## REQUIRED WORK
With the exception of the pictures, transcribe the entire listing exactly.

## DATA PROVIDED
* * * * * * *

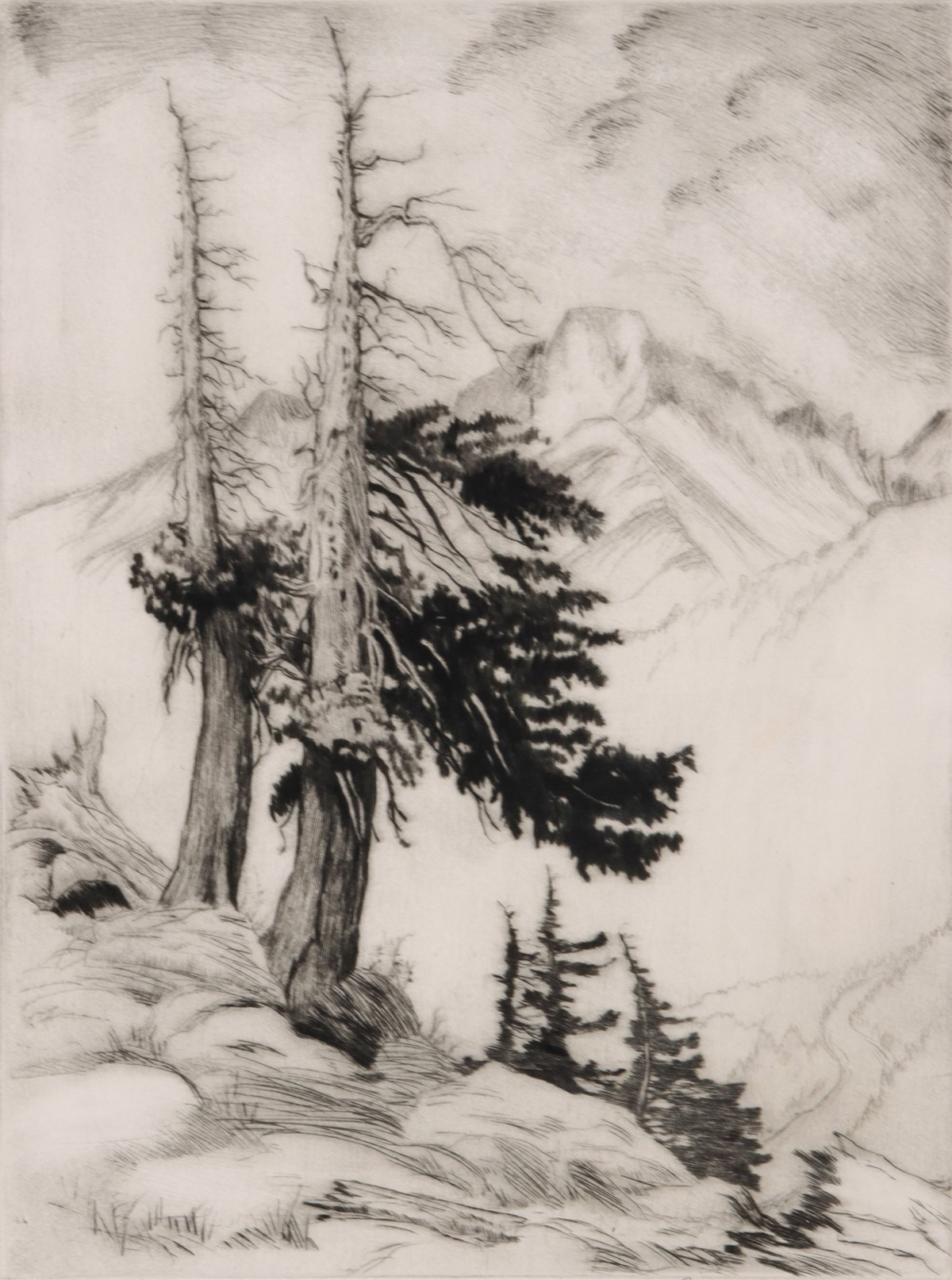 LYMAN BYXBE (1886-1980) PENCIL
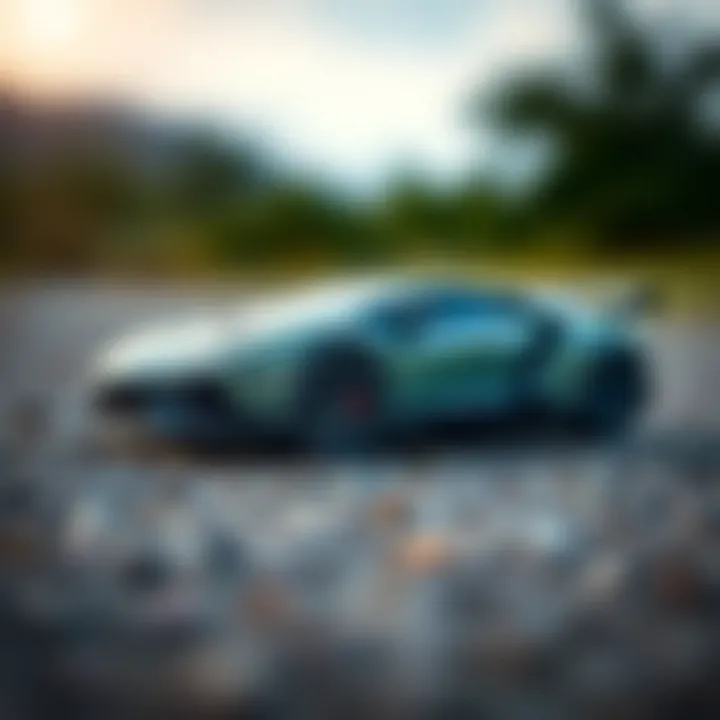 Close-up of Maisto remote control car features emphasizing design details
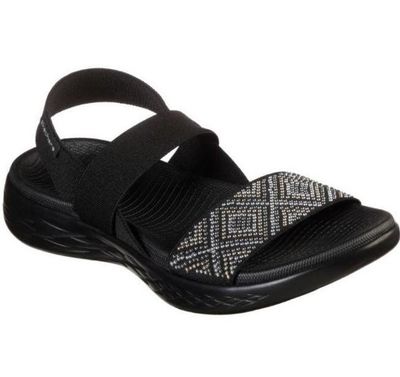 SKECHERS WOMEN&#39;S ON THE GO 600 GLITZY SANDAL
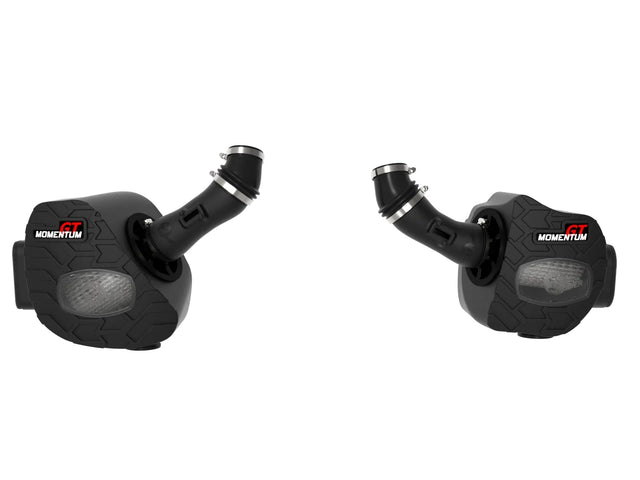 aFe Momentum GT dual Pro DRY S cold air intake for 2022–2026 Toyota Tundra 3.4L - Top View showing the window view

* * * * * * *

## TASK RESULT
 LYMAN BYXBE (1886-1980) PENCIL
 Close-up of Maisto remote control car features emphasizing design details
 SKECHERS WOMEN&#39;S ON THE GO 600 GLITZY SANDAL
 aFe Momentum GT dual Pro DRY S cold air intake for 2022–2026 Toyota Tundra 3.4L - Top View showing the window view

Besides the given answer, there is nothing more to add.